Since 1979 Joynes has explored found objects as ready-mades and photographed Southern Californian track-home garages as ready-made installations. Later in the early 1990s inspired by Gordon Matta Clark and Jason Rhoades he began excavating structures amid demolition rescuing objects, books, masonry to excavate from the abandoned factories and warehouses in London’s Isle of Dogs, sites that were used as film locations for Stanley Kubrick’s Full Metal Jacket (1987). In London and Japan he worked with formless materials including pigmented polyurethane creating objects that attempted to defy sculptural norms and sensibilities and created forests of giant globular slip-cast polyurethane flowers for exhibitions in Korea and the UK.
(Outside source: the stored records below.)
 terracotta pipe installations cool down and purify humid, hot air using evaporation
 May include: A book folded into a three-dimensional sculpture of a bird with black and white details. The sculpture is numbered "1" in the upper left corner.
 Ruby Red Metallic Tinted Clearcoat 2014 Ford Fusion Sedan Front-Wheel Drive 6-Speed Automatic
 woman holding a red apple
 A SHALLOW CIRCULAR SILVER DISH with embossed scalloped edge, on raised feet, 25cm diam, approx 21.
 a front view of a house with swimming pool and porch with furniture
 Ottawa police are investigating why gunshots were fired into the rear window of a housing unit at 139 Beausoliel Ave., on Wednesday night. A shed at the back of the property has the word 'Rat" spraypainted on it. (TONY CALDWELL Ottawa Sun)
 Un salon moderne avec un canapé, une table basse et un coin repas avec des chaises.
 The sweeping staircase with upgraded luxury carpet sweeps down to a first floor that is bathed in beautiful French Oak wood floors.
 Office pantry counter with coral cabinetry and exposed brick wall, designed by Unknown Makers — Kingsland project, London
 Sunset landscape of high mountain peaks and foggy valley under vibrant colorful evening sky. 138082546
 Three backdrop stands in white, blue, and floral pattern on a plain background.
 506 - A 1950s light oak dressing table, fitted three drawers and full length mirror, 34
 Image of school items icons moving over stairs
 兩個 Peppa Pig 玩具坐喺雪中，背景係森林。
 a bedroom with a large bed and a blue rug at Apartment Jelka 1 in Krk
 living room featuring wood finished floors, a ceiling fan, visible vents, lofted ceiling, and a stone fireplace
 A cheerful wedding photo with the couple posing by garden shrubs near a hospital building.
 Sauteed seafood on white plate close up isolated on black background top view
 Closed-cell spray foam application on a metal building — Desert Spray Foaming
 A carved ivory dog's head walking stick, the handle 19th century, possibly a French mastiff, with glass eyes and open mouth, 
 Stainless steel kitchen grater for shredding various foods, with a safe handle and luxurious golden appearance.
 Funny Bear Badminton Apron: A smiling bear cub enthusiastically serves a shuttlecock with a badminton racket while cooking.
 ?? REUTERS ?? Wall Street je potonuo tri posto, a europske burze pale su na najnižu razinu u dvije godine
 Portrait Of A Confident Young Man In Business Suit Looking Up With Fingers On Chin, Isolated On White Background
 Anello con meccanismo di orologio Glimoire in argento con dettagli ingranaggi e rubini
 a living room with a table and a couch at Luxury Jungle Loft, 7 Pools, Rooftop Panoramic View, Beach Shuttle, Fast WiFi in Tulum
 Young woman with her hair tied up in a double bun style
Invited by art critic, essayist Jonathan Crary in the Department of Art History and Archeology at Columbia, Joynes continued to build his practice to explore power relations between the museum, the observer and the art object.
In 2012 he began to turn the museum inside out, re-lensing and shifting the ordered and predicable experiences of museum spectatorship inside-out. At the Brazilian Museum of Sculpture, São Paolo, Brazil he installed FormLAB as a museum-within-a-museum where within a central studio module he would continuously tamper with and remake the works displayed in FormLAB’s museum exhibition to destabilize the experience of the spectator and question when, if ever, a work of art is really finished.
Also involved in artistic research he explores the tandem processes of experimental art-making and critical interpretation. As a Fulbright Senior Scholar and artist he is examining how Indian contemporary art indexes Indian classical and folk art forms that have reflected facets of South Asian and Himalayan identity.